С основанием иронизируя над склонностью отца к театральности, Шаламов, как представляется, все же недооценил (или недопонял, или понял слишком односторонне) эту грань его новоприобретенной «американской деловитости», не увидел ее связи со всем смыслом кипучей деятельности отца после возвращения с Кадьяка. Что значили, скажем, разнообразные домашне-хозяйственные увлечения и новации, казалось бы, вполне благополучного соборного священника? Наверное, вся его масштабная деятельность — с содержанием при доме коз, свиней, гусей, уток, кур, с постоянными выездами на рыбалку, с обязательными припасами в подвале и столь же обязательным привлечением детей к хозяйству (то, что писатель резюмирует резкими словами: «И все это я ненавидел»), — если и служила пресловутому «паблисити», то очень косвенно. Скорее можно полагать, что она была направлена прежде всего на поддержание благополучия семьи, а также на сохранение независимого положения на церковной службе. Подчеркивая, что служба в городском соборе устраивала отца тем, что позволяла обойтись без нелюбимых им «пошлых» треб по домам с непременными угощениями, Шаламов, по-видимому, не вполне осознавал значение хозяйства как единственной возможности для отца сохранить то и другое.

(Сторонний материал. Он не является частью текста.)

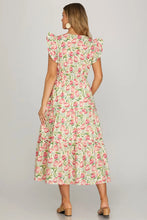 Load image into Gallery viewer, Ruffle Sleeve Floral Print Midi Dress
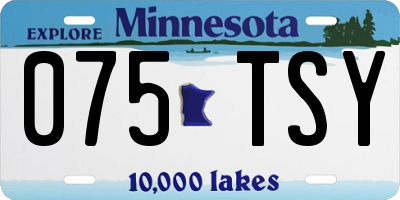MN license plate 075TSY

На современный взгляд, все, что делал о. Тихон по дому и вне его, принадлежит к того рода американской деловитости, которая тесно связана с основой цивилизованного капитализма — протестантской этикой. Разумеется, православному священнику было бы неловко признаваться, что он нечаянным образом усвоил постулаты чуждой ему религии, но объективно дело обстояло именно так. Наверное, единственное, чего не хватает в великолепном (хотя и пристрастном) психологическом портрете отца после Аляски, нарисованном в «Четвертой Вологде», — это крылатой фразы Б. Франклина: «Время — деньги». Но до такой степени «американизации» отец, судя по всему, не дошел, да и не мог дойти, потому что в душе его все же доминировали ценности его родной религии, ценности альтруизма и нестяжательства — направленные лишь в более рациональное русло.